Thanks joriki and Patrick. Frankly I prefer joriki's answer because it considers the specific constraint. And Patrick's answer can be applied to more generic problems. For the record, I happen to have another solution, which I think is very similar to joriki's. I appreciate any comments on the method.

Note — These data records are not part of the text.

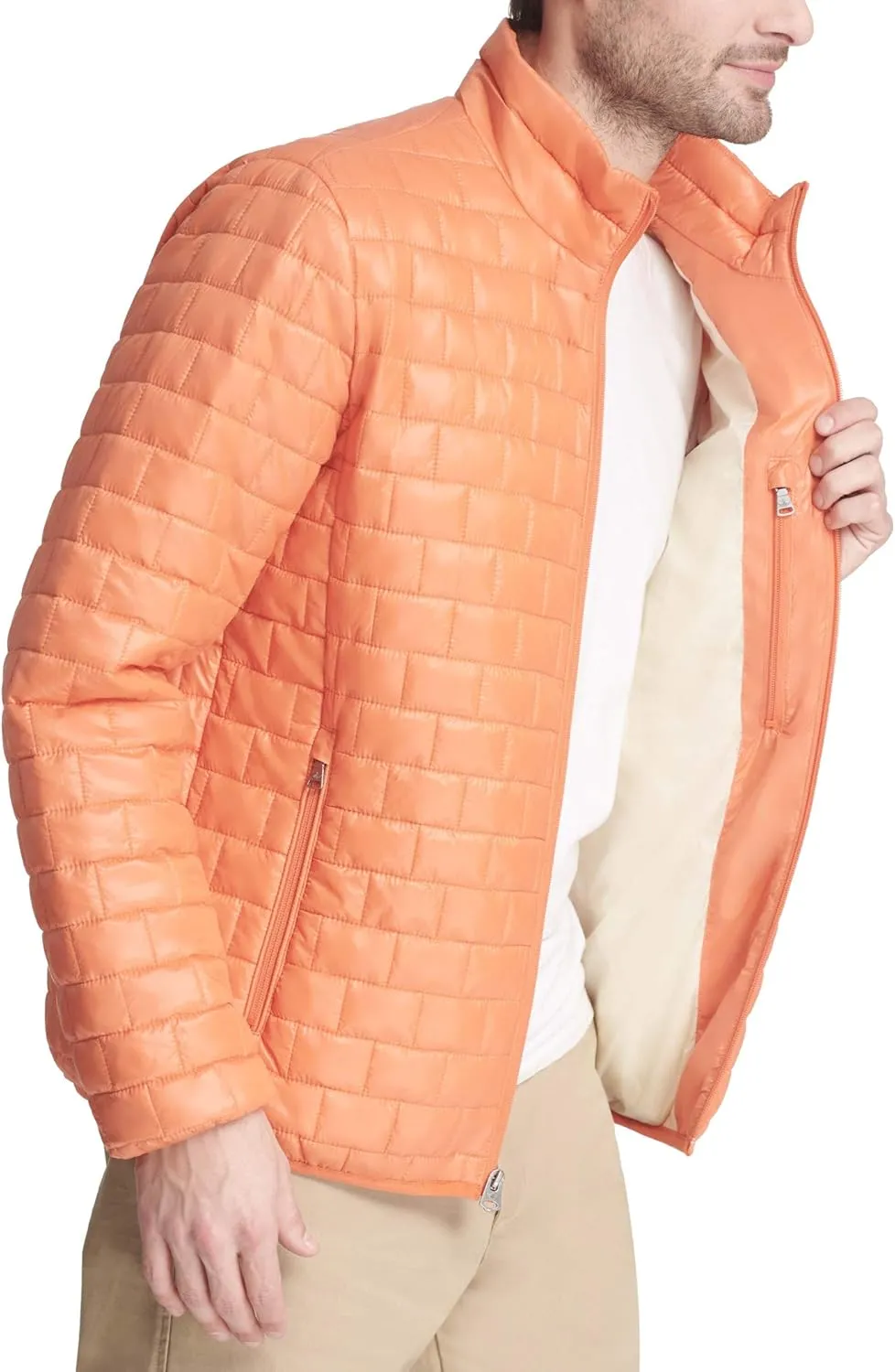 Dockers mens Lightweight Ultra Loft Quilted Packable Jacket (Regular and Big & Tall)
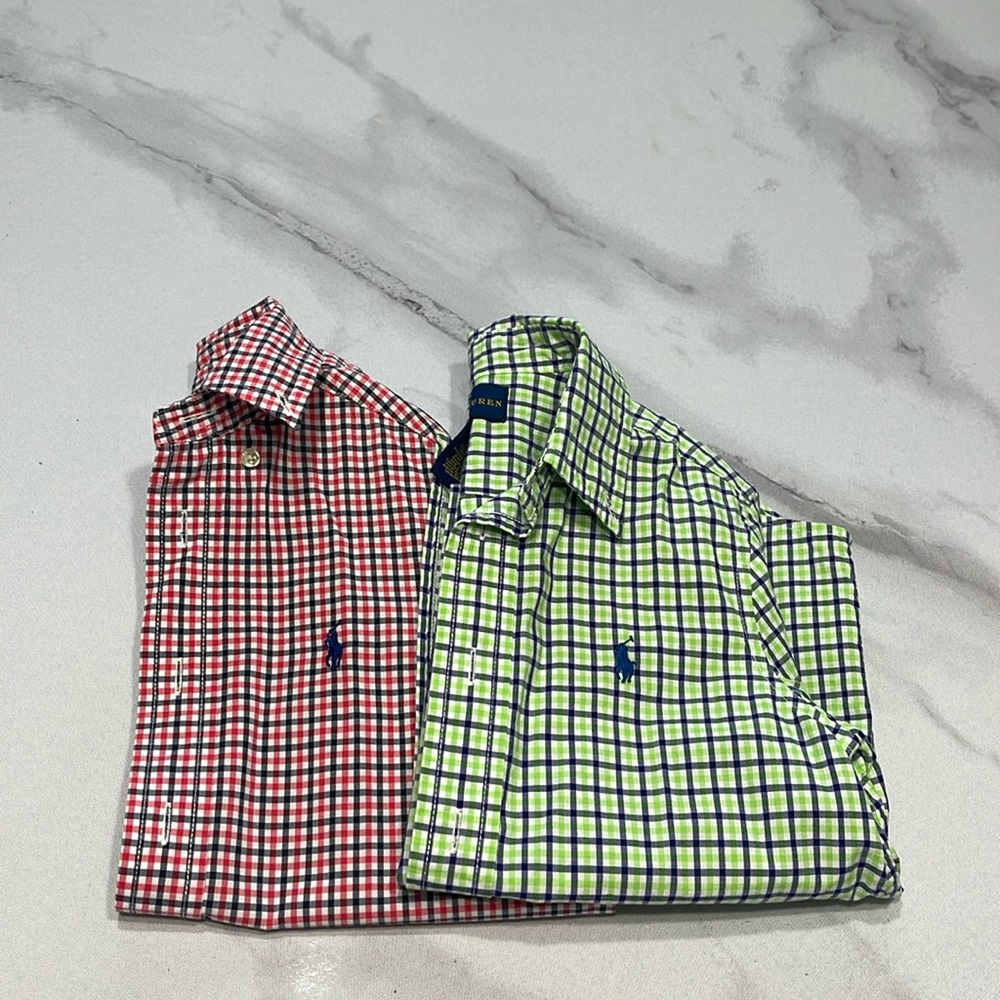 Polo Ralph Lauren boys dress shirt bundle of 2 Size:4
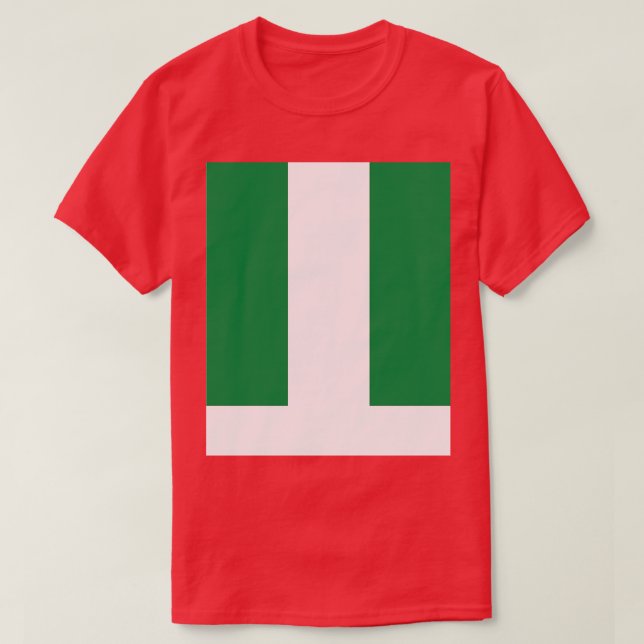 Flagge Nigerias T-Shirt (Design vorne)
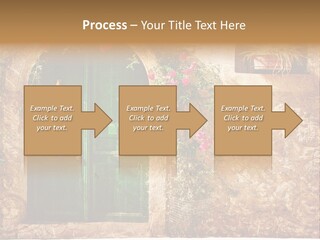 Door Medieval Exterior PowerPoint Template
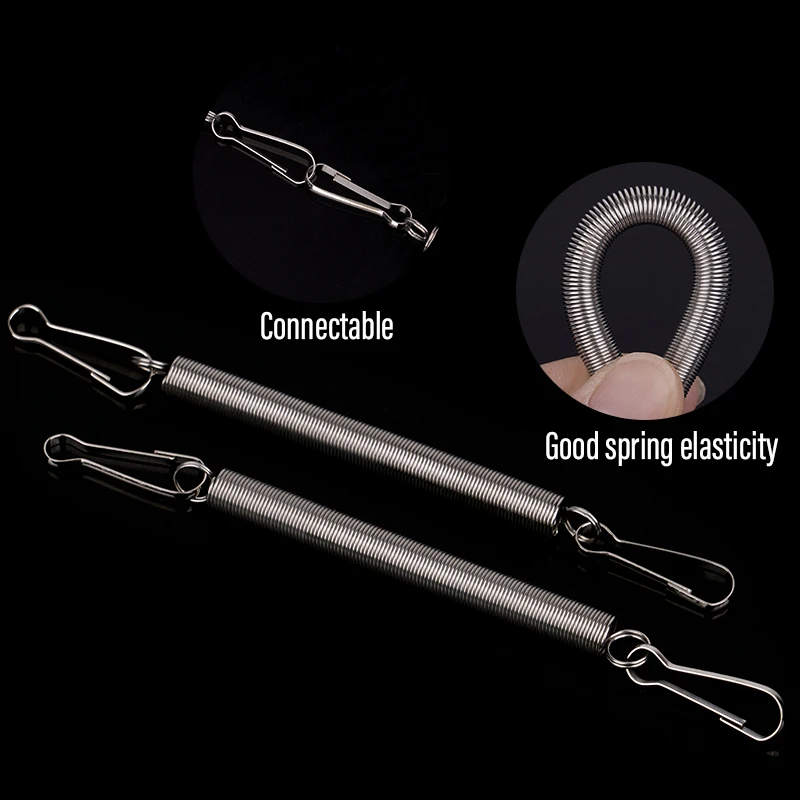 20pcs Pet Bird Cage Replacement Springs 2 Clips Stainless Steel Spring Fastening Water Drinking Bottle For Rabbit Hamster Animal Cage Spring Hook Poultry Drinking Accessories Animal Cage Clamp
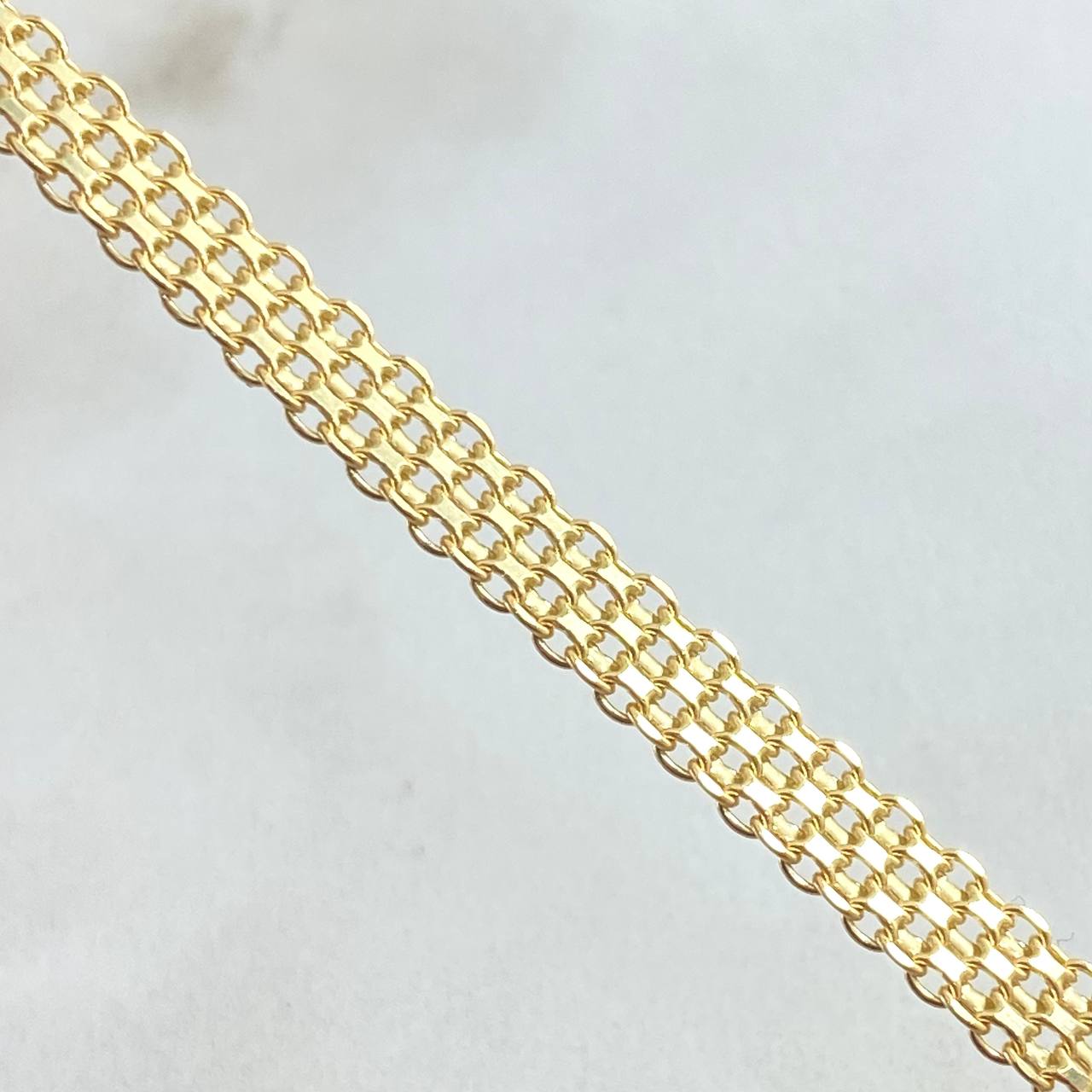 Pulso Chino 7.2gr / 21cm / Oro Amarillo +1 18K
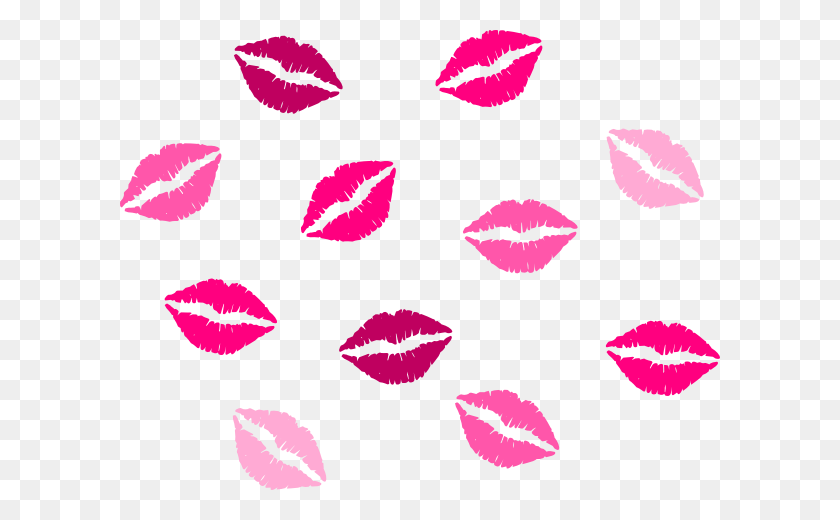 600x460 Lips Vector Clip Art - Lipstick Kiss Clipart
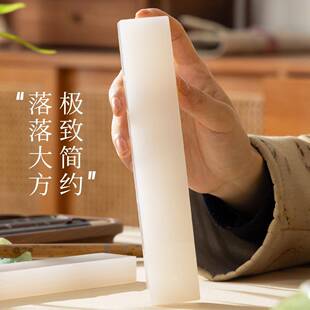 野里花间富镇纸阿汗书白镇尺压宣纸104压大镇纸玉石玉摆件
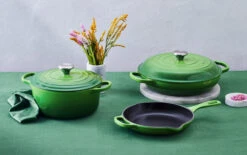 Le Creuset Serveerschaal ø 32 Cm Aardewerk Bamboo -Bekend Glaswerk Winkel bamboo 1 1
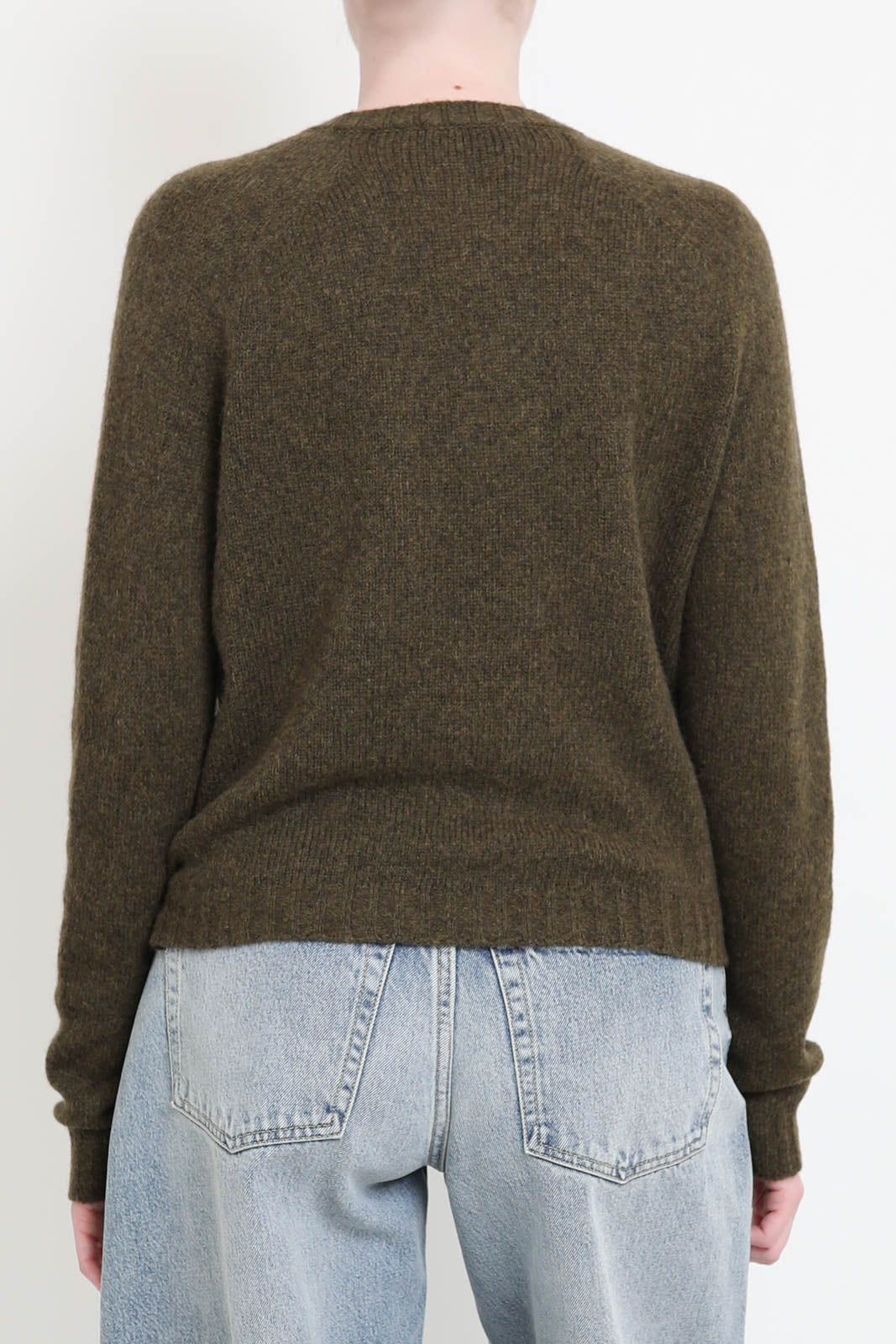 Pullover Scollo V in Militare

The idea is to use a rotation to satisfy the constraint $\|x_{k+1}\|=\|x_k\|$: $x_{k+1}=R_kx_k$ where $R_k$ is a rotation matrix ($R_k^TR_k=I, \det R_k=1$). Note rotation just change the direction of a vector, but no change the length. In order to determine $R_k$, I use the axis-angle representation of a rotation matrix (aka Rodrigues’ formula): $R_k=I+[\omega_k]_{\times}\sin\theta_k+[\omega_k]_{\times}^2(1-\cos\theta_k)$ where $\omega_k$ is the rotation axis, $\theta_k$ is the rotation angle and $[\omega]_{\times}$ is the skew-symmetric matrix associating with $\omega$. The rotation axis can be chosen as $\omega_k=x_k \times n_k$ and the step size $\theta_k$ might be determined by a one dimensional search.
EDIT: $R_kx_k=x_k+\sin\theta_k (\omega_k\times x_k)+(1-\cos\theta_k)(\omega_k\omega_k^T-I)x_k$ $=x_k+\sin\theta_k (\omega_k\times x_k)-(1-\cos\theta_k)x_k =\sin\theta_k (\omega_k\times x_k)+\cos\theta_k x_k$ In the above equation, we use the facts: $[\omega]{\times}^2=\omega\omega^T-\|\omega\|I$ and $\omega^Tx=0$ (note $\omega\times x\ne 0$). Choose $\omega_k\times x_k=n_k$, i.e., $\omega_k=x_k\times n_k$, the above equation is exactly the same as joriki's answer.

EDIT again: prove it is gradient descent. For $x_{k+1}=x_k+v$, as long as $v^T(-g)>0$, it is gradient descent. And $p(x)$ is guaranteed to decrease given sufficiently small step. For our problem, can we use this to prove? In our equation, $x_{k+1}=x_k+\underset{v_k}{\underbrace{\sin\theta_k (\omega_k\times x_k)-(1-\cos\theta_k)x_k}}$ so we need to check if $-v^Tg>0$. It is very interesting that unlike common cases, the evolving direction is depend on the step size $\theta$. We should know that gradient descent is only valid (mathematically) for sufficiently small step size. When $\theta$ is very small, $\sin\theta=\theta$ and $1-\cos\theta\approx0$ (second order). So we have $v_k\approx\theta_k n_k$ Obviously $-g^T\theta_k n_k>0$. So it is gradient descent.
Summary: in order to satisfy the constraint, we have $v_k=\sin\theta_k (\omega_k\times x_k)-(1-\cos\theta_k)x_k$ (complex). But in order to prove the descent property, we have $v_k\approx\theta_k n_k$ (simple and essential).